*Provided entries:*
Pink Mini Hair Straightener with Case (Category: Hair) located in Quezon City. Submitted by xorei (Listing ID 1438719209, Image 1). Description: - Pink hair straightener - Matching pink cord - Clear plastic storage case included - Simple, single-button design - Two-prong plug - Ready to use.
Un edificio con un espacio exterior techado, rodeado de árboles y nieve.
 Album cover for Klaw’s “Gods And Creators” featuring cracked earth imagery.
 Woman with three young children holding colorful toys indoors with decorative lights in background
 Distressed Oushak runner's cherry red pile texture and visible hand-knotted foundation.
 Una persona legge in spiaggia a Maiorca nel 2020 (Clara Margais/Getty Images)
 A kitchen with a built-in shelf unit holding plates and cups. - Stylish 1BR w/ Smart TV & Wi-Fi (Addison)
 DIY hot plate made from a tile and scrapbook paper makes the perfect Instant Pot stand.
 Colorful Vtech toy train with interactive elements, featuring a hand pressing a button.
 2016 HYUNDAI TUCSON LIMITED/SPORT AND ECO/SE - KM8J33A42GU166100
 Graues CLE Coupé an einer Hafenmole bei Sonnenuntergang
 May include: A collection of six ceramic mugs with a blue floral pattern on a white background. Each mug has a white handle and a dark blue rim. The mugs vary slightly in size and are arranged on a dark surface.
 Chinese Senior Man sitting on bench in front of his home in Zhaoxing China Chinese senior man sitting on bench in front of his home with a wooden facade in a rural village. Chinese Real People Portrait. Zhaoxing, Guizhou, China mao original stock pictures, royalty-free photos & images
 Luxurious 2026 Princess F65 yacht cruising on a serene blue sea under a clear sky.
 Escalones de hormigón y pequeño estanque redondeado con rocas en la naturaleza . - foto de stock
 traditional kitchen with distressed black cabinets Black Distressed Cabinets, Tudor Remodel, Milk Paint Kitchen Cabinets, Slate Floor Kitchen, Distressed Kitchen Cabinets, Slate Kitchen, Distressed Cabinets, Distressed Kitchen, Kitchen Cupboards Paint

*Prompt:*
Give back, verbatim, the lines from the top of the entries above through the line containing "DIY hot plate".

*Answer to this problem:*
Pink Mini Hair Straightener with Case (Category: Hair) located in Quezon City. Submitted by xorei (Listing ID 1438719209, Image 1). Description: - Pink hair straightener - Matching pink cord - Clear plastic storage case included - Simple, single-button design - Two-prong plug - Ready to use.
Un edificio con un espacio exterior techado, rodeado de árboles y nieve.
 Album cover for Klaw’s “Gods And Creators” featuring cracked earth imagery.
 Woman with three young children holding colorful toys indoors with decorative lights in background
 Distressed Oushak runner's cherry red pile texture and visible hand-knotted foundation.
 Una persona legge in spiaggia a Maiorca nel 2020 (Clara Margais/Getty Images)
 A kitchen with a built-in shelf unit holding plates and cups. - Stylish 1BR w/ Smart TV & Wi-Fi (Addison)
 DIY hot plate made from a tile and scrapbook paper makes the perfect Instant Pot stand.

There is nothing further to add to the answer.